# Rare 2007 Ugly Boat river rat Microskiff



## kfa4303 (Jun 25, 2012)

Cool little boat!!! A true mico. I love the lines and color too. Reminds me of a skinny Panga, or something. What kind of speeds are you getting with the 20hp? Great vids also. Tiller skiffs rule!


----------



## cmcowart (Jan 12, 2014)

Thanks man. Fully loaded with 2 people I get 21mph, but I'm pretty sure the motor isn't properly adjusted on the jack plate. Once the adjustment takes place I'm thinking I can maybe get another 3 or 4 mph.


----------



## Gators52__20 (Dec 31, 2012)

Nice little skiff man, what's the brand of that boat?


----------



## NoeSmyrnaBch (Aug 19, 2013)

Wow, really like this thing! Nice work.


----------



## cmcowart (Jan 12, 2014)

> Nice little skiff man, what's the brand of that boat?


Thanks man, the brand is called "Ugly Boat" i've personally never even heard of them until I bought the boat.


----------



## cmcowart (Jan 12, 2014)

> Wow, really like this thing! Nice work.



Thanks man, can't wait till the I put in the LED's.


----------



## Skydiver (Feb 10, 2013)

Cool boat! and great job on the videos.


----------



## cmcowart (Jan 12, 2014)

> Cool boat! and great job on the videos.


Thanks, glad you liked them!


----------



## permitchaser (Aug 26, 2013)

Awesome video. Love what can be done with Go-pros. You must be in film at Alabama. Roll baby


----------



## cmcowart (Jan 12, 2014)

> Awesome video. Love what can be done with Go-pros. You must be in film at Alabama. Roll baby


Thanks bud, and yes sir.

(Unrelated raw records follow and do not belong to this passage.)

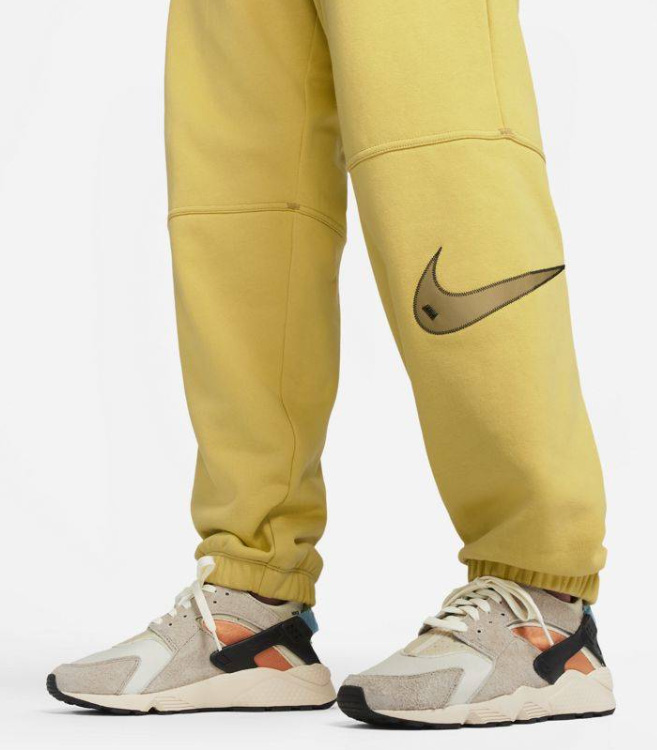 Boczny widok żółtych damskich spodni Nike Oversized Fit Swoosh High Rise DM6205-304 L z mankietami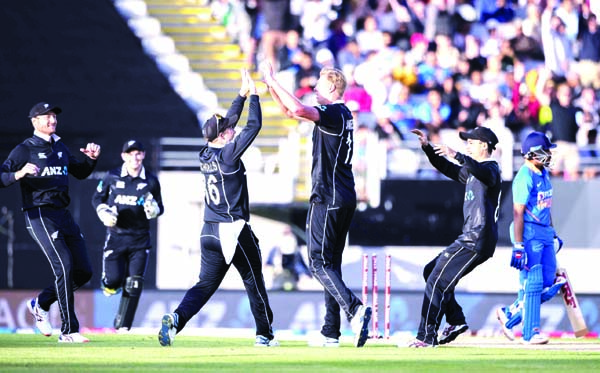 Black Caps bowler Kyle Jamieson (center right) celebrates the wicket of India's Prithvi Shaw during a One Day International cricket match between India and New Zealand at Eden Park in Auckland of New Zealand on Saturday.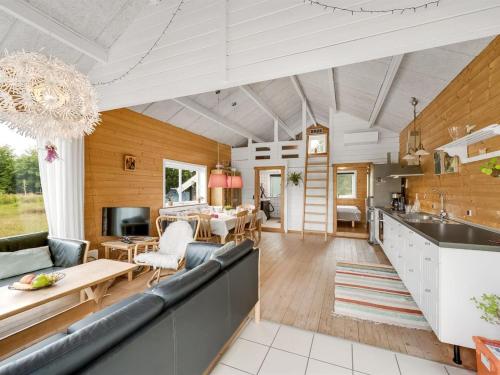 eine Küche und ein Wohnzimmer mit einem Sofa und einem Tisch in der Unterkunft Holiday Home Oddger - all inclusive - 250m to the inlet by Interhome in Skjern
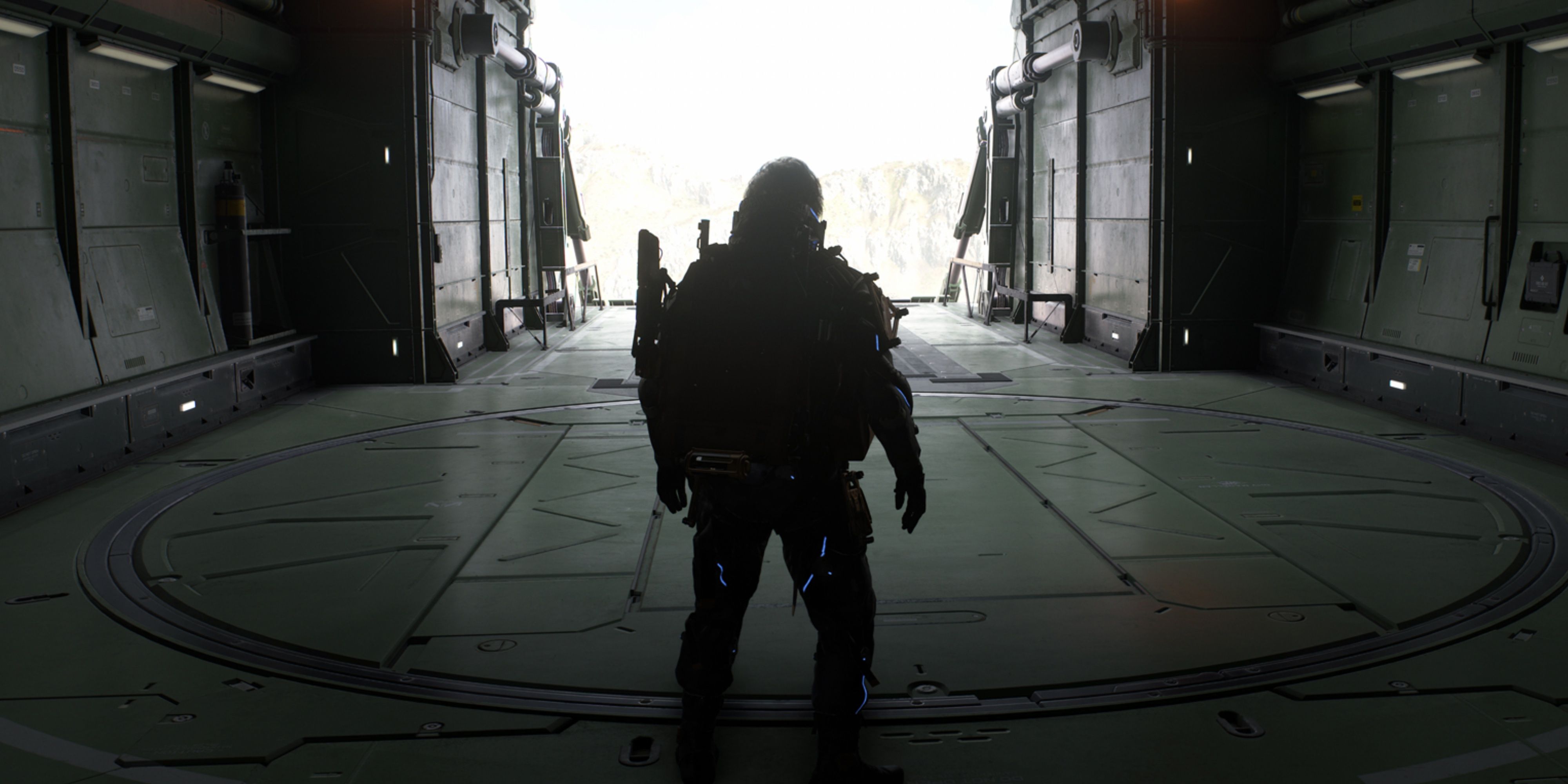 sam bridges with his back to the camera looking through a door way in death stranding 2.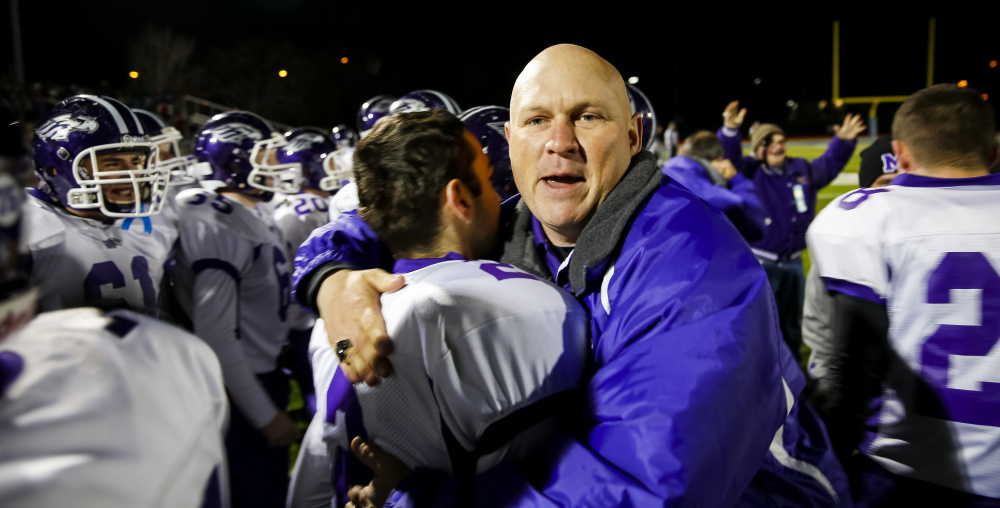 Marshwood assistant coach Larry Kinch celebrates with the team after beating Brunswick in the state championship game again.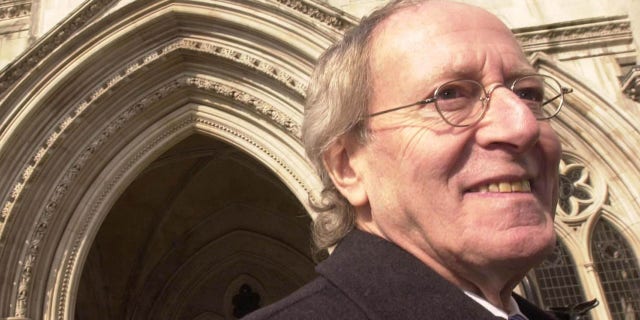 Composer John Barry outside the High Court.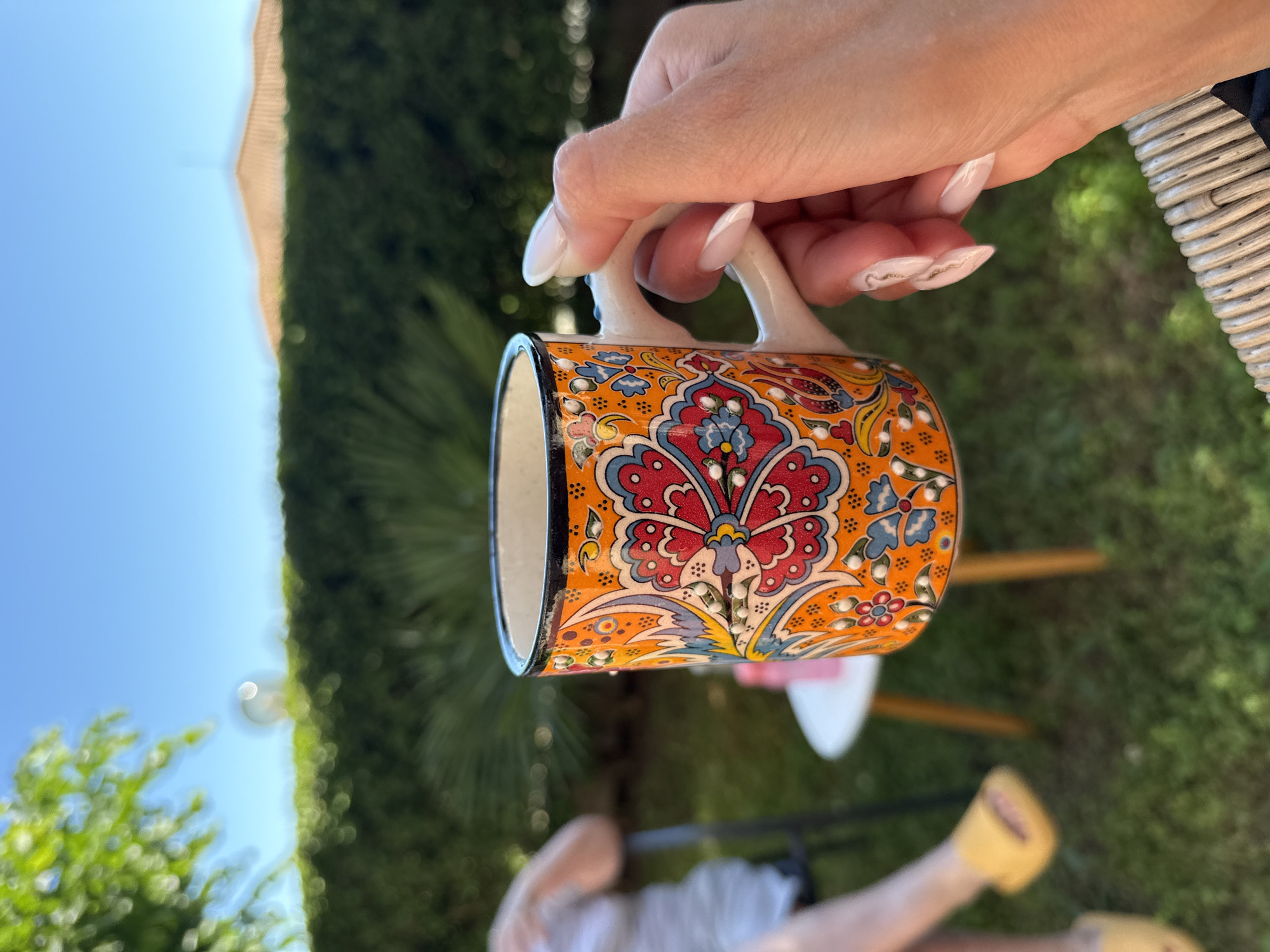 A close-up shot captures a hand holding an ornately decorated orange mug with floral patterns in red, blue, and yellow. The mug has a white handle and a black rim. The background is a soft-focus, sunny outdoor scene, featuring lush green foliage and a clear blue sky. To the left, a person's legs are visible, wearing yellow slides and sitting on a chair. In the mid-ground, a small white table with wooden legs is present. The scene appears to be set in the city of Kosharitsa, Bulgaria, given the architecture visible in the blurred background which suggests a Mediterranean climate. The overall impression is one of relaxed outdoor leisure.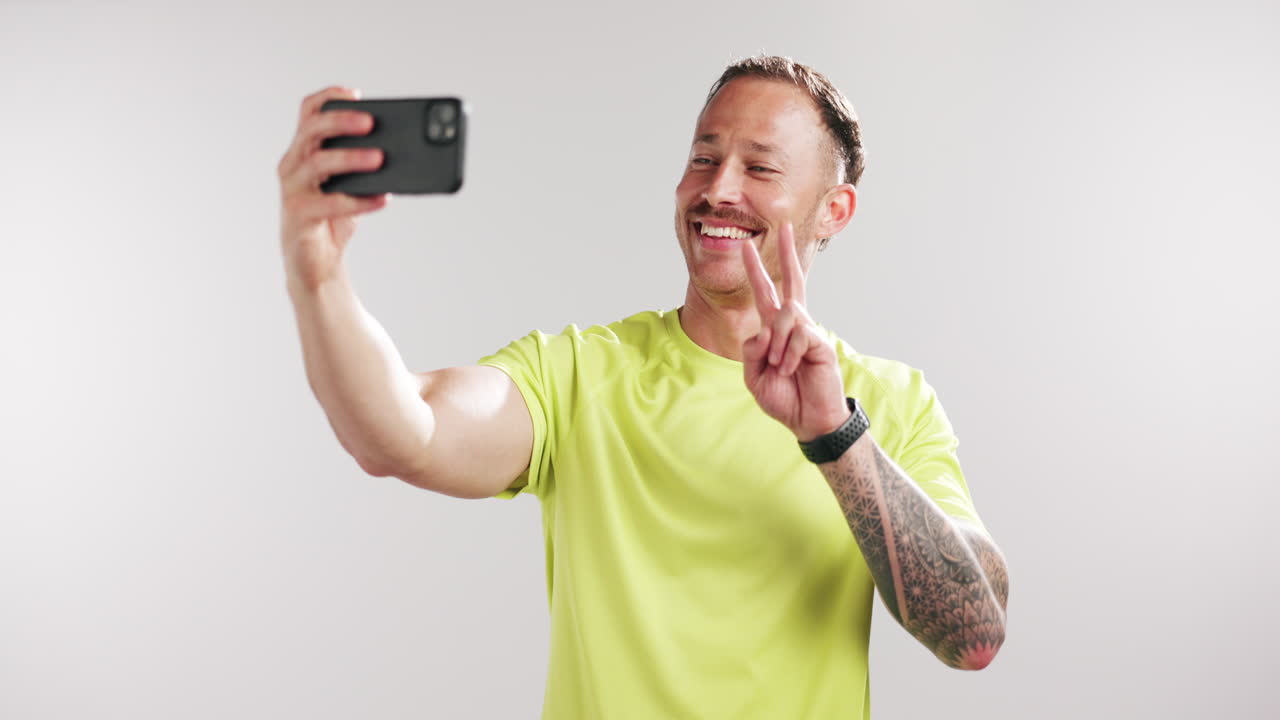 Uomo felice che si scatta un selfie e fa gesti con le mani in studio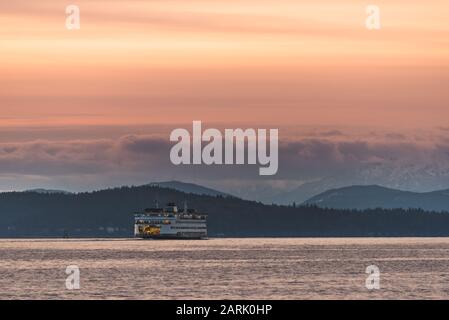 Ferry de l'État de Washington traversant Puget Sound au crépuscule avec les montagnes olympiques au-delà, de Seattle, Washington Banque D'Images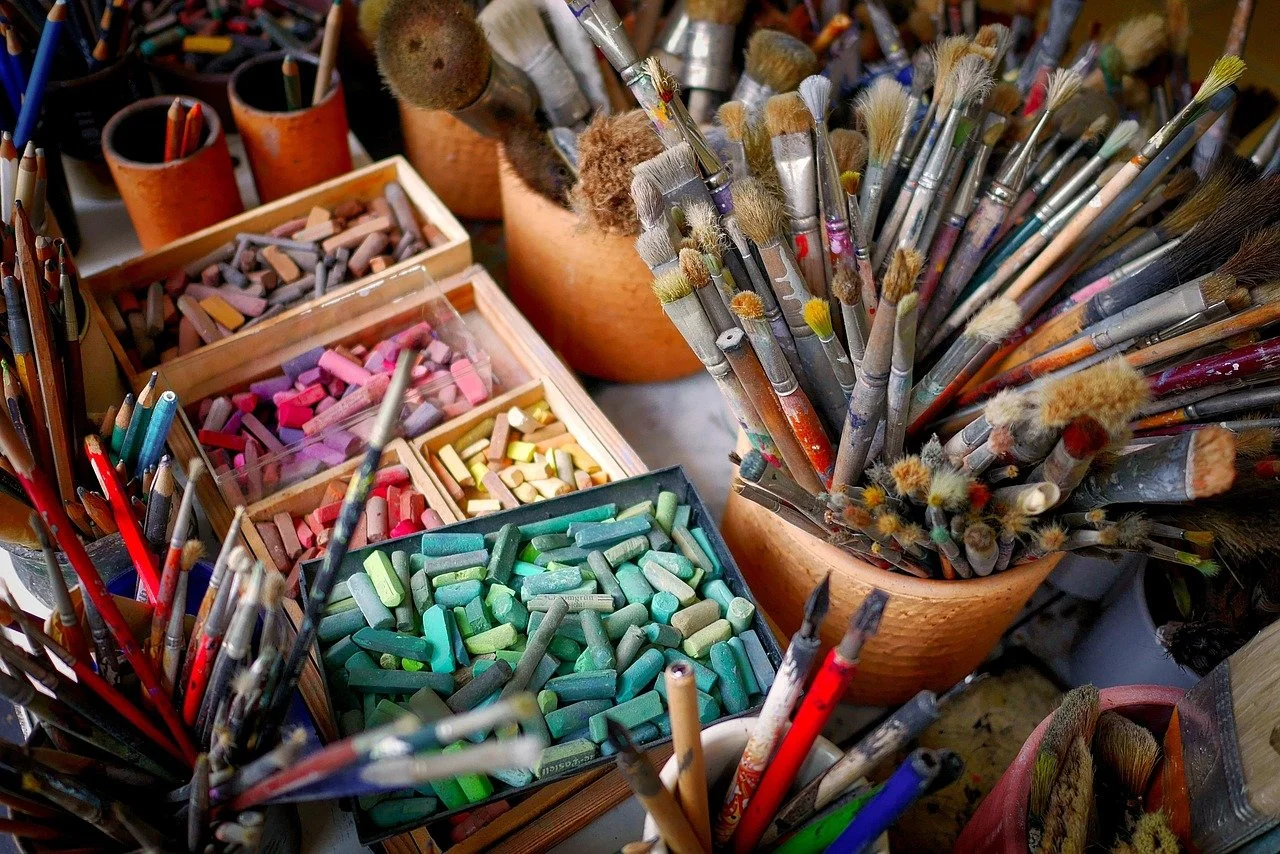 Argentiques de crayons de couleur et pinceaux de peinture disposés dans des contenants en bois et en plastique.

Majoring in telecommunication and film at the University of Alabama, Roll Tide!


----------



## tomahawk (Mar 9, 2012)

Nice skiff and vids.


----------



## jjdmngz (Jul 30, 2013)

Sweet ride bro! This hull looks similar to one that was a project hull here in tx. I was tempted to buy it, but I'm about to start a project on an 18 ft boat so I held off.

Good vids too. I was cracking up when you put the bass in the girls face lol


----------



## jttracey (May 3, 2011)

> Sweet ride bro! This hull looks similar to one that was a project hull here in tx. I was tempted to buy it, but I'm about to start a project on an 18 ft boat so I held off.
> 
> Good vids too. I was cracking up when you put the bass in the girls face lol


Are you talking about the one that was in League City?
Looking at these pictures makes me kick the hell out of myself for not jumping on it while I had the chance...


----------



## jjdmngz (Jul 30, 2013)

> > Sweet ride bro! This hull looks similar to one that was a project hull here in tx. I was tempted to buy it, but I'm about to start a project on an 18 ft boat so I held off.
> >
> > Good vids too. I was cracking up when you put the bass in the girls face lol
> 
> ...


That's exactly the one I'm talking about! I hear you on that. Seeing what I could be makes me wish I would have jumped on it too.


----------



## kensfl45 (Jan 15, 2013)

Saw this boat at the Flamingo ramp back in February. Cool skiff.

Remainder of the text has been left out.